Recorded information:
○ ○ ○ ○
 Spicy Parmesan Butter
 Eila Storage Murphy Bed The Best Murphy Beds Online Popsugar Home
○ ○ ○ ○
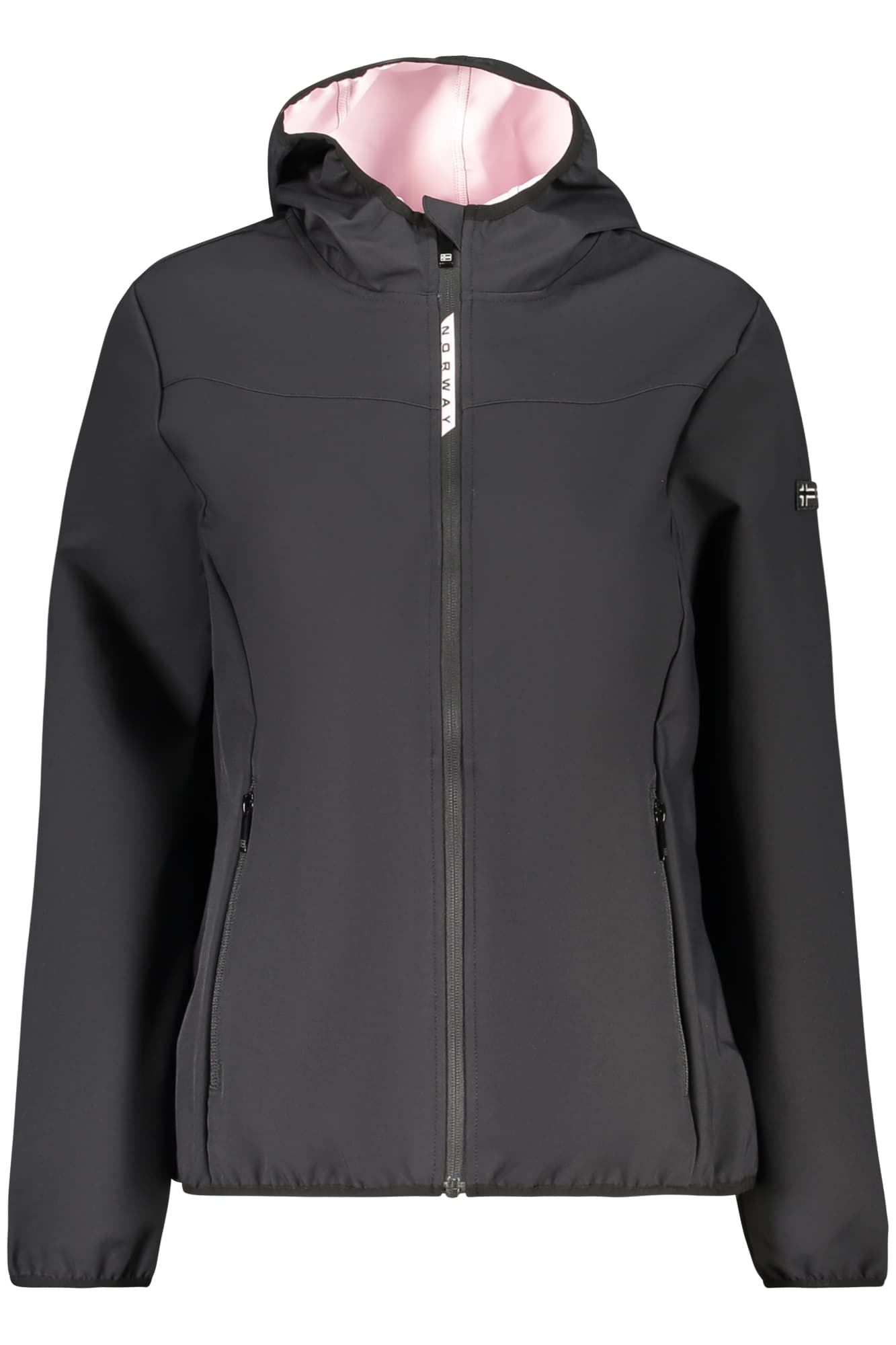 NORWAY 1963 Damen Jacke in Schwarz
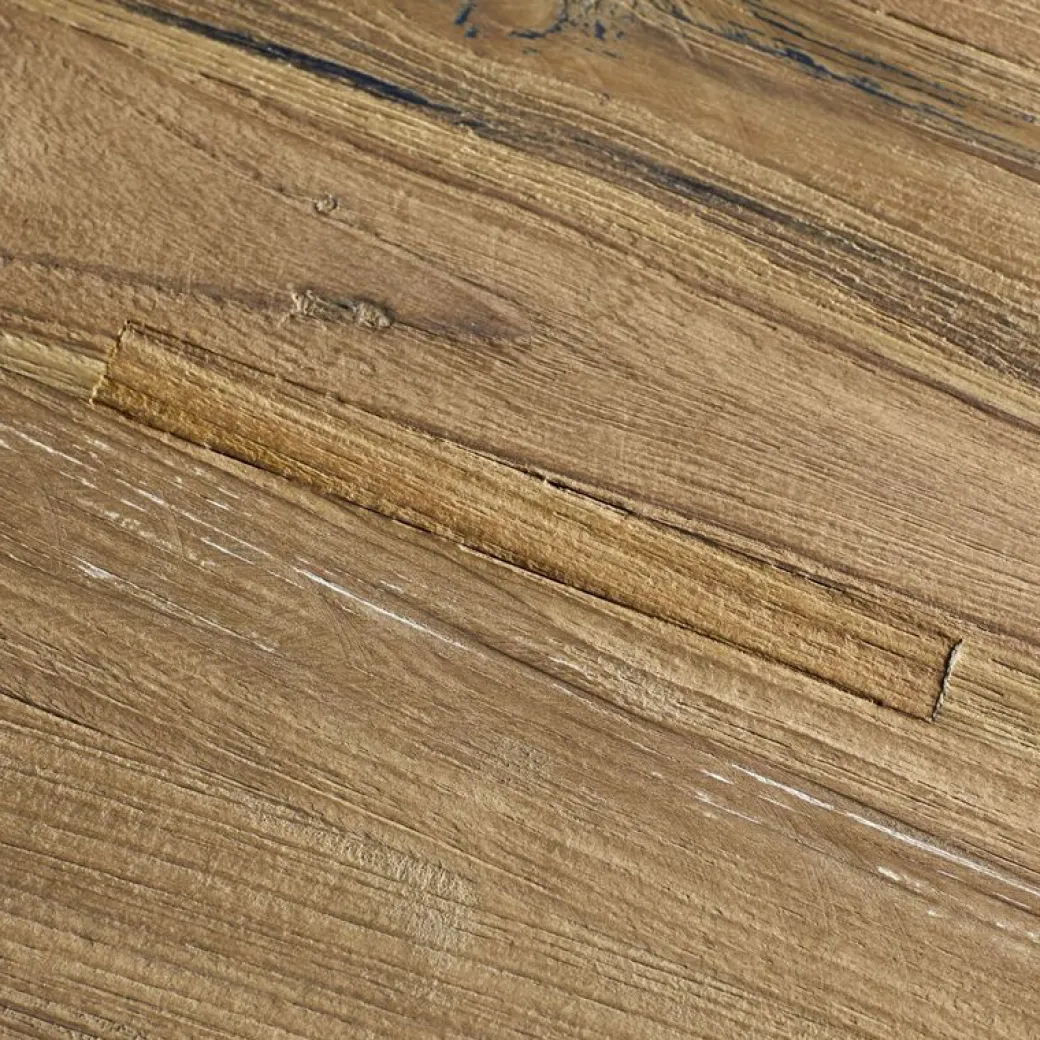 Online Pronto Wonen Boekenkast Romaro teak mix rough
○ ○ ○ ○
Exercise description: There is a line with "Spicy Parmesan Butter" and a line with "Eila Storage Murphy" above. Copy exactly those two lines and all lines between them, with nothing else.

Task solution:
 Spicy Parmesan Butter
 Eila Storage Murphy Bed The Best Murphy Beds Online Popsugar Home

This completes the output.